• **Problem details**
Exact reproduction of the listing is required. Pictures are not reproduced.

• **Information supplied**
>>>>

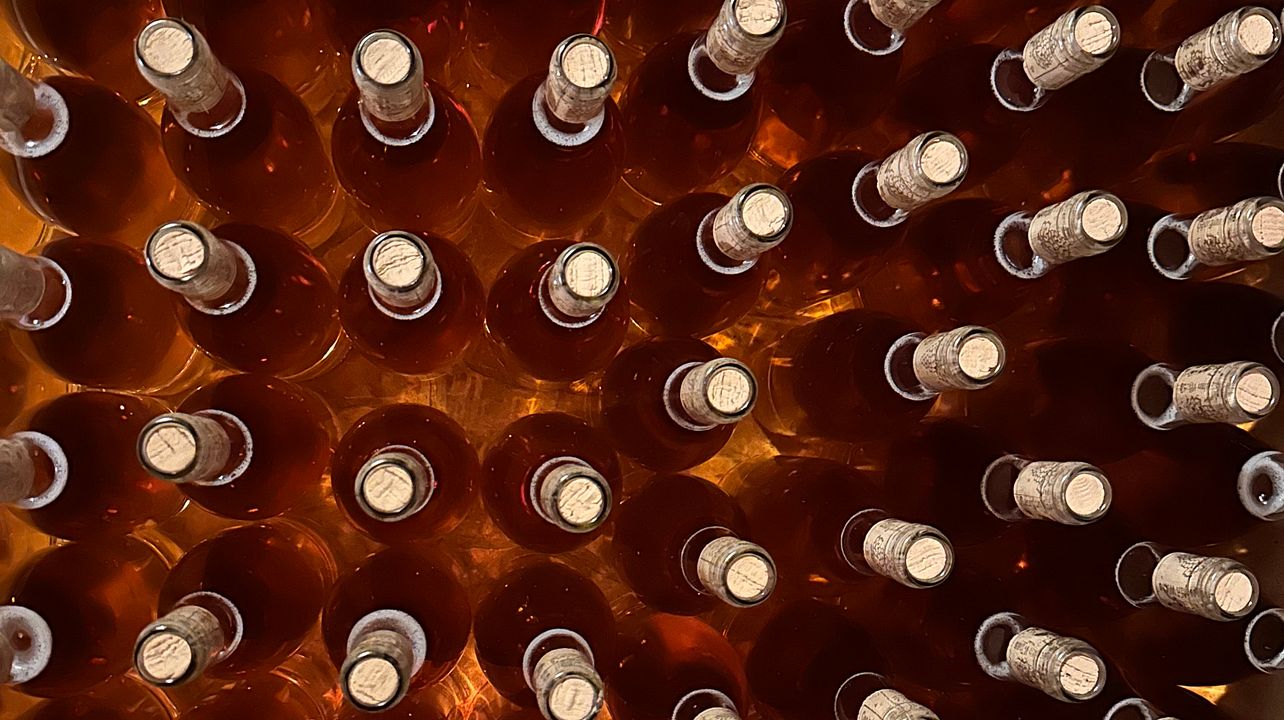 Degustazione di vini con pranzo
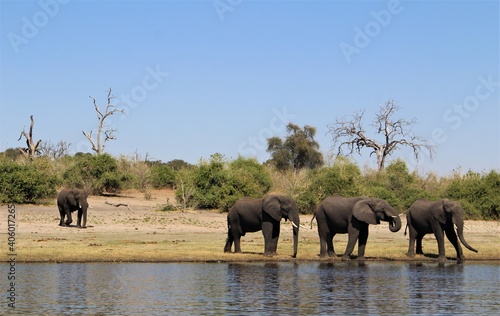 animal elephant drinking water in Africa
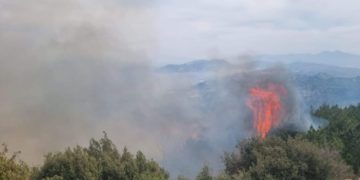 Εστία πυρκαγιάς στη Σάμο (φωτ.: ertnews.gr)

<<<<

• **Output for this exercise**
 Degustazione di vini con pranzo
 animal elephant drinking water in Africa
 Εστία πυρκαγιάς στη Σάμο (φωτ.: ertnews.gr)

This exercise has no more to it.